Error when converting TinyLLama to TFLite, model mismatch

martinkorelic commented 3 months ago

Description of the bug:

Followed the examples for TFLite conversion, installed: pip install ai-edge-torch pip install torch-xla

Downloaded the model.safetensors and corrected the path to the model checkpoint from TinyLlama/TinyLlama-1.1B-Chat-v1.0.

Simply ran the script in examples/tiny_llama:

python convert_to_tflite.py

Actual vs expected behavior:

Expected: The model conversion to TFLite should begin.
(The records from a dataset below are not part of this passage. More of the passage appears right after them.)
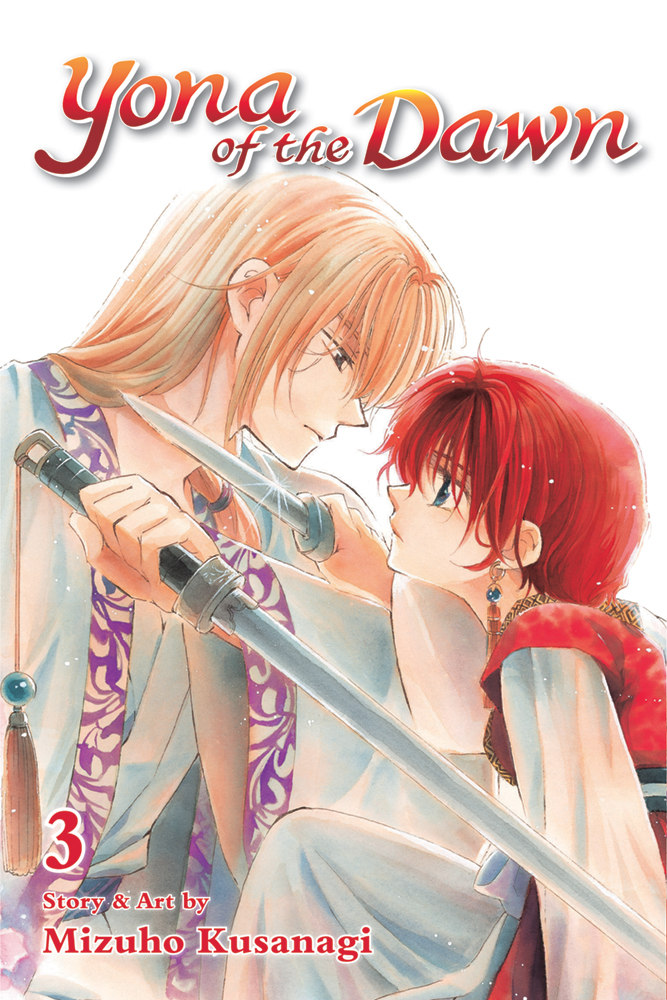 shojobeat's tweet photo. ☆☆☆NEW ANNOUNCEMENT☆☆☆
Yona of the Dawn (3-in-1 Edition) by Mizuho Kusanagi

More info: https://t.co/0ER7MpKsAc https://t.co/SWm79a7Gwz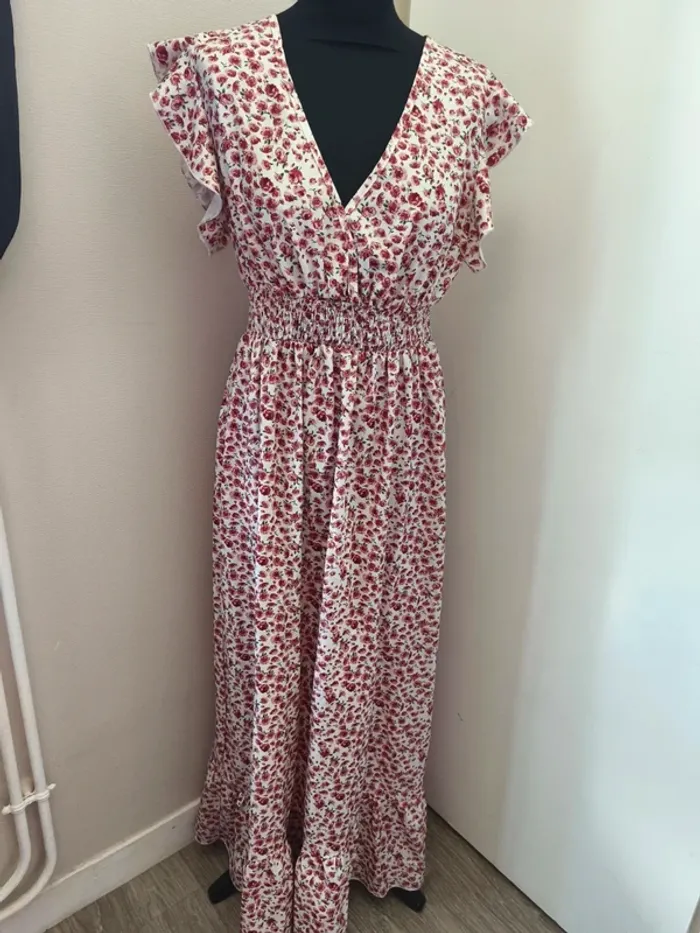Robe shein 42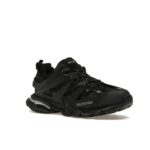 ⁦Balenciaga Track Black LED⁩ - الصورة ⁦2⁩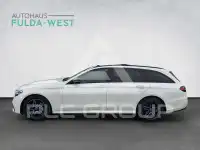 2022 Mercedes Benz E 400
Actual: Mismatch in model state dict when loading the model:

Missing key(s) in state_dict: "transformer_blocks.0.atten_func.qkv_projection.weight", 
"transformer_blocks.0.atten_func.output_projection.weight", "transformer_blocks.1.atten_func.qkv_projection.weight", 
"transformer_blocks.1.atten_func.output_projection.weight", "transformer_blocks.2.atten_func.qkv_projection.weight", 
"transformer_blocks.2.atten_func.output_projection.weight", "transformer_blocks.3.atten_func.qkv_projection.weight", 
"transformer_blocks.3.atten_func.output_projection.weight", "transformer_blocks.4.atten_func.qkv_projection.weight", 
"transformer_blocks.4.atten_func.output_projection.weight", "transformer_blocks.5.atten_func.qkv_projection.weight", 
"transformer_blocks.5.atten_func.output_projection.weight", "transformer_blocks.6.atten_func.qkv_projection.weight", 
"transformer_blocks.6.atten_func.output_projection.weight", "transformer_blocks.7.atten_func.qkv_projection.weight", 
"transformer_blocks.7.atten_func.output_projection.weight", "transformer_blocks.8.atten_func.qkv_projection.weight", 
"transformer_blocks.8.atten_func.output_projection.weight", "transformer_blocks.9.atten_func.qkv_projection.weight", 
"transformer_blocks.9.atten_func.output_projection.weight", "transformer_blocks.10.atten_func.qkv_projection.weight", 
"transformer_blocks.10.atten_func.output_projection.weight", "transformer_blocks.11.atten_func.qkv_projection.weight", 
"transformer_blocks.11.atten_func.output_projection.weight", "transformer_blocks.12.atten_func.qkv_projection.weight", 
"transformer_blocks.12.atten_func.output_projection.weight", "transformer_blocks.13.atten_func.qkv_projection.weight", 
"transformer_blocks.13.atten_func.output_projection.weight", "transformer_blocks.14.atten_func.qkv_projection.weight", 
"transformer_blocks.14.atten_func.output_projection.weight", "transformer_blocks.15.atten_func.qkv_projection.weight", 
"transformer_blocks.15.atten_func.output_projection.weight", "transformer_blocks.16.atten_func.qkv_projection.weight", 
"transformer_blocks.16.atten_func.output_projection.weight", "transformer_blocks.17.atten_func.qkv_projection.weight", 
"transformer_blocks.17.atten_func.output_projection.weight", "transformer_blocks.18.atten_func.qkv_projection.weight", 
"transformer_blocks.18.atten_func.output_projection.weight", "transformer_blocks.19.atten_func.qkv_projection.weight", 
"transformer_blocks.19.atten_func.output_projection.weight", "transformer_blocks.20.atten_func.qkv_projection.weight", 
"transformer_blocks.20.atten_func.output_projection.weight", "transformer_blocks.21.atten_func.qkv_projection.weight", 
"transformer_blocks.21.atten_func.output_projection.weight". 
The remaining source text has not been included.